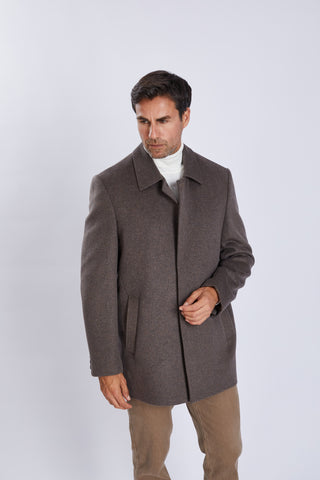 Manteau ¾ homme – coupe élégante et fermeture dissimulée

* * *

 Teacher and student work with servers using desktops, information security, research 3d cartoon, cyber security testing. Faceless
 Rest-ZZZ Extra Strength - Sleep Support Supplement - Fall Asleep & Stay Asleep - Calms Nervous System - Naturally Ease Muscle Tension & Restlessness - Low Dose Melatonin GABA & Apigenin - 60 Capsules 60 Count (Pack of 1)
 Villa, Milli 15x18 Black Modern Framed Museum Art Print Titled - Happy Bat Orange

* * *

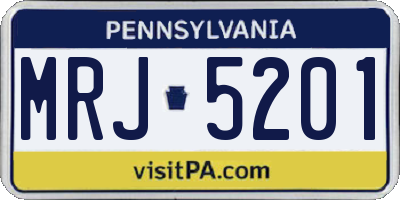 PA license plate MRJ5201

- **Exercise requirements**: In the entries above, find the line with "Teacher and student" and the line with "Villa, Milli 15x18", then set down exactly those two and every line between them, nothing else.

- **Result below**:
 Teacher and student work with servers using desktops, information security, research 3d cartoon, cyber security testing. Faceless
 Rest-ZZZ Extra Strength - Sleep Support Supplement - Fall Asleep & Stay Asleep - Calms Nervous System - Naturally Ease Muscle Tension & Restlessness - Low Dose Melatonin GABA & Apigenin - 60 Capsules 60 Count (Pack of 1)
 Villa, Milli 15x18 Black Modern Framed Museum Art Print Titled - Happy Bat Orange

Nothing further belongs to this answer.